Cognitive Load Theory is especially relevant here. Wong et al. (2012) explain that transient information, such as animation, can outperform static graphics, making dynamic formats like video more effective for instruction. However, they also caution that longer videos can overload working memory. In the case of English with Emma, the combination of visuals and audio reduce the user’s available working memory faster than by themselves, I find myself wondering: which component is more important in this context, audio or video? While video is central to the platform, audio might play a more crucial role in this instruction.
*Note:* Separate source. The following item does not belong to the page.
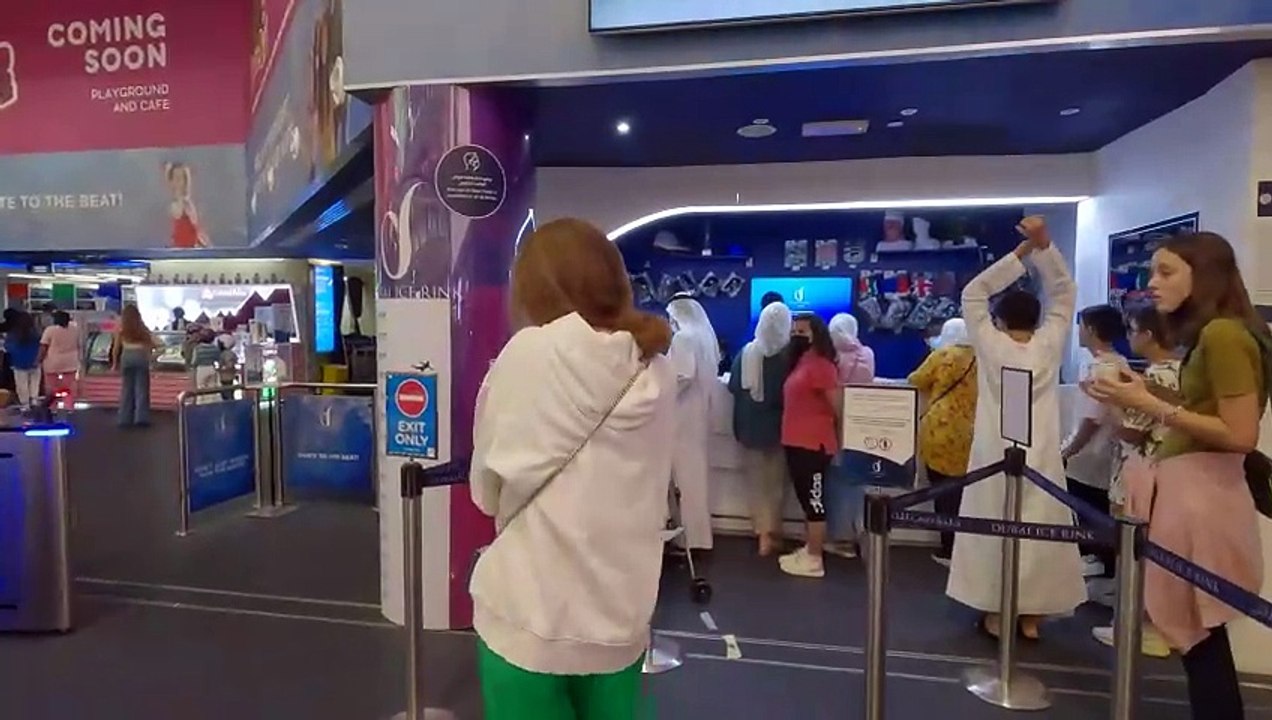 DUBAI | DUABI MALL | DUBAI FRAME | DUBAI FUTURE EXPO | DABAI FUTURE MUSEUM | DUBAI VLOG | VLOG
Regardless, without opportunities to pause, reflect, engage, or apply knowledge, learners face a greater risk of cognitive overload. As you mentioned, the platform doesn’t seem to prioritize deep learning. Instead, it encourages longer videos, likely to increase ad revenue rather than support effective pedagogy. This makes video length a key variable, one that may push creators to prioritize monetization over educational value.
This is just one example of the many factors that affect learning on video-based platforms. Before this course, I never realized how complex these environments could be. I now wonder: If the combined length of multiple short videos equals the length of one long video, would the monetization be the same? Would creators be more likely to break content into shorter segments? I’ve noticed that ads appear more frequently when switching between videos, so do creators earn more from shorter videos, or is revenue based solely on total watch time? I have so many questions!
Wong, A., Leahy, W., Marcus, N., & Sweller, J. (2012). Cognitive load theory, the transient information effect and e-learning. Learning and Instruction, 22(6), 449–457. https://doi.org/10.1016/j.learninstruc.2012.05.004
Hi Allie,
Thank you so much for your thoughtful reply to my post! Your comment had me nodding and furiously scribbling margin notes ( well… mentally, anyway). I love that you picked up on the whole Order/Chaos idea and saw the need for a third dimension. Honestly, I think we’re all inching toward some kind of pedagogical Venn diagram here … one that overlaps care, cognition, and creator intent.
I also really liked your reference to Cognitive Load Theory (Wong et al., 2012)… specifically the existence of transient information and working memory. It’s something I often think about when I’m creating training at work. The tension between what the platform needs (ad revenue) and what learners need (cognitive breathing room, anyone?) is so palpable. Perhaps Emma’s brevity of short-form videos helps cut that load, but as you rightly said, the absence of interactivity still leaves the onus on the learner to make it meaningful.
Thanks again for your insights and your questions;they’ve added layers to mine!